*Information*.
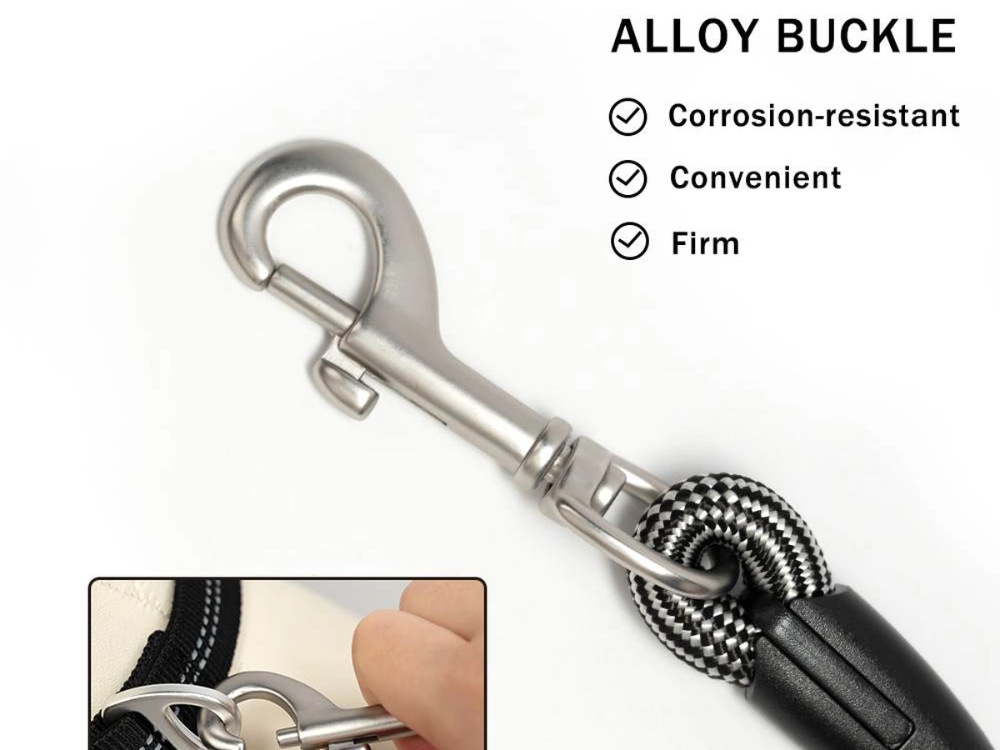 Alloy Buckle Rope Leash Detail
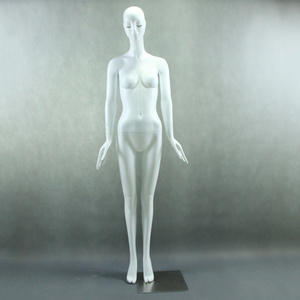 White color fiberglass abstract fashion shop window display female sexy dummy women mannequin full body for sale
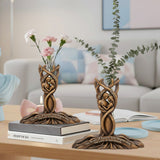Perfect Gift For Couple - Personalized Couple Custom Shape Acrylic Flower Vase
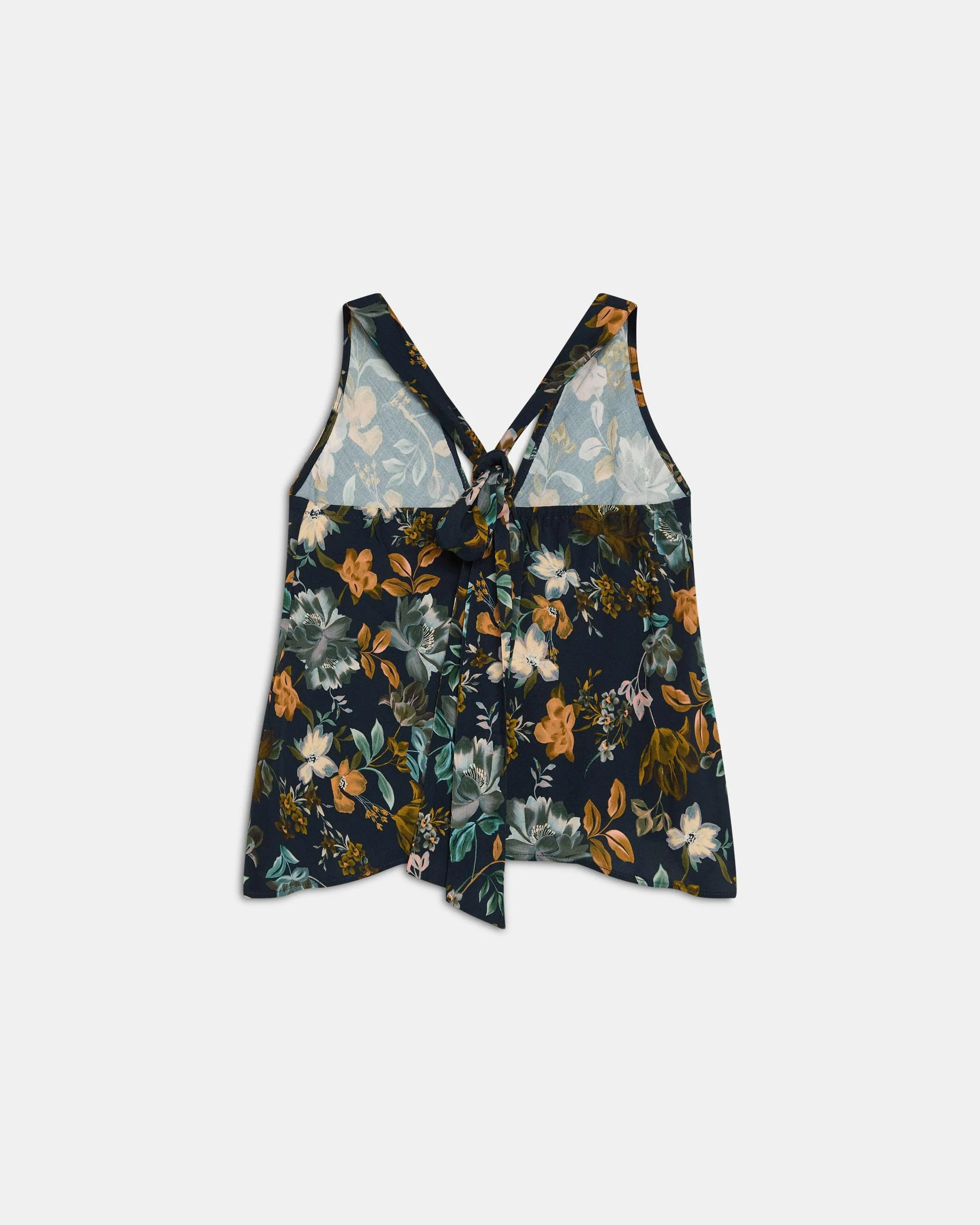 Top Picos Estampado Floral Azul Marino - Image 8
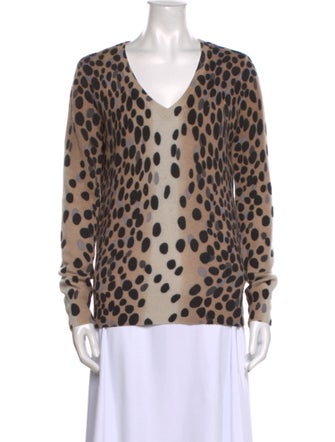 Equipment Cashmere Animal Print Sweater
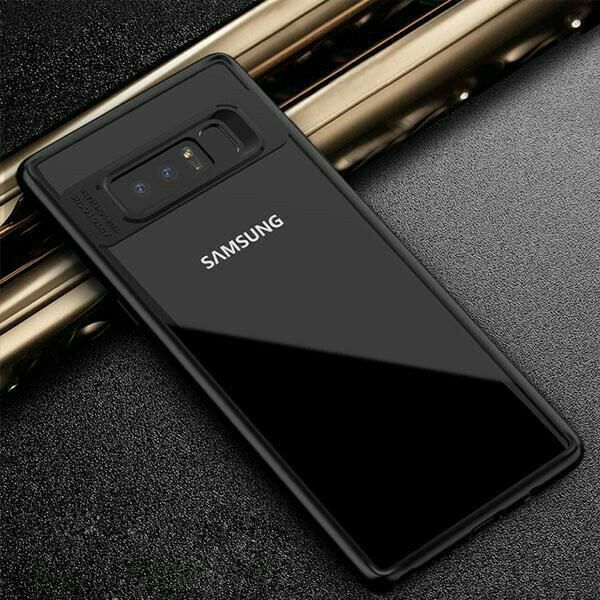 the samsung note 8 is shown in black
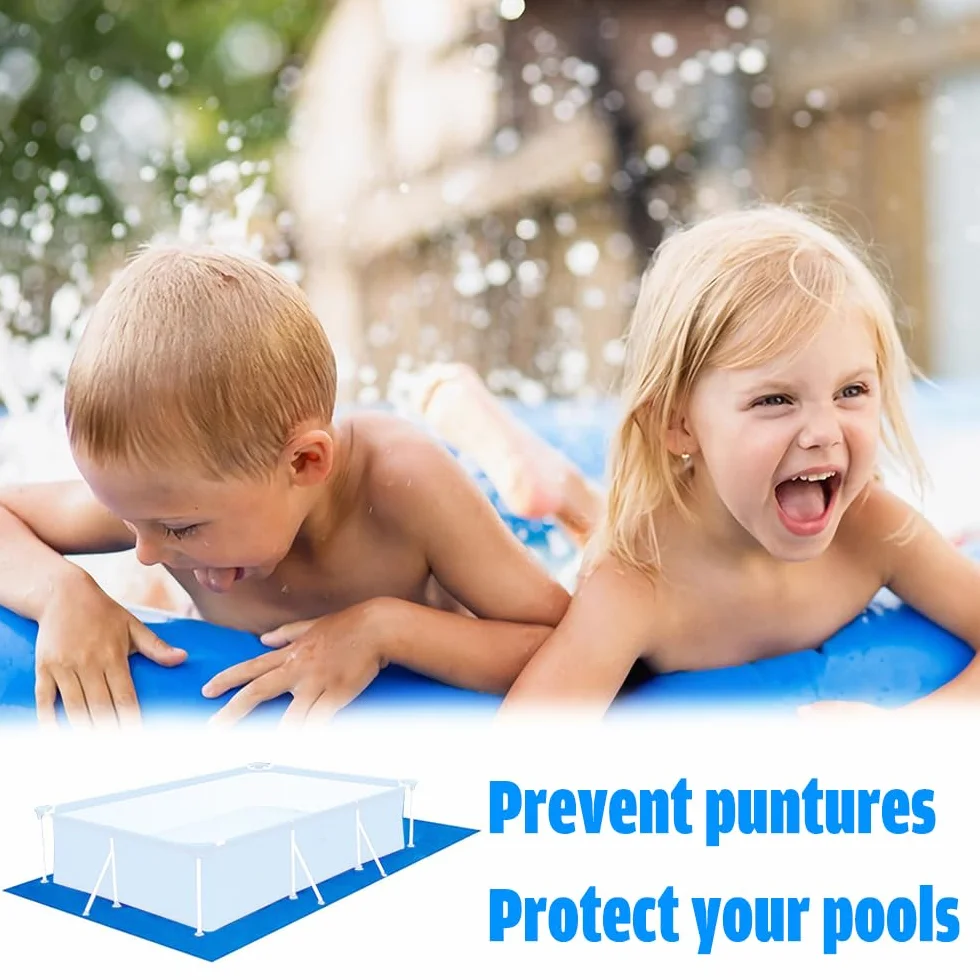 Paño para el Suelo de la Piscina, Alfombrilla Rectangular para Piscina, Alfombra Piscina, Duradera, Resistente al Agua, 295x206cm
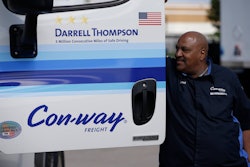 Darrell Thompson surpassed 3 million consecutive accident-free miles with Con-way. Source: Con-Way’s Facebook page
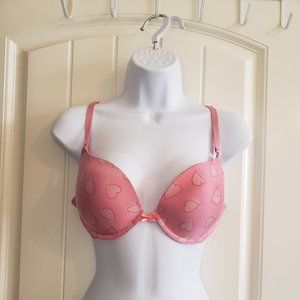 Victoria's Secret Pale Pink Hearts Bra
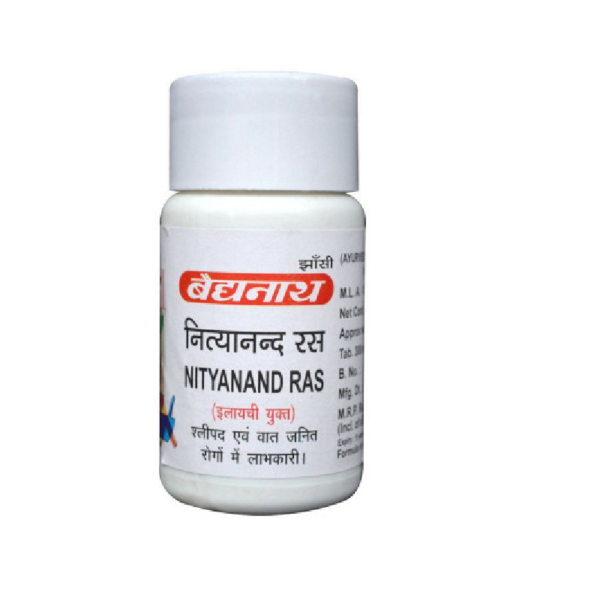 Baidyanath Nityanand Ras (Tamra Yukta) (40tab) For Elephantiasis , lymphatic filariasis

*What to do*. Your answer must reproduce exactly the lines from the line with "Perfect Gift For" through the end of the material, both ends included, with every picture dropped.

*Finished exercise*.
Perfect Gift For Couple - Personalized Couple Custom Shape Acrylic Flower Vase
 Top Picos Estampado Floral Azul Marino - Image 8
 Equipment Cashmere Animal Print Sweater
 the samsung note 8 is shown in black
 Paño para el Suelo de la Piscina, Alfombrilla Rectangular para Piscina, Alfombra Piscina, Duradera, Resistente al Agua, 295x206cm
 Darrell Thompson surpassed 3 million consecutive accident-free miles with Con-way. Source: Con-Way’s Facebook page
 Victoria's Secret Pale Pink Hearts Bra
 Baidyanath Nityanand Ras (Tamra Yukta) (40tab) For Elephantiasis , lymphatic filariasis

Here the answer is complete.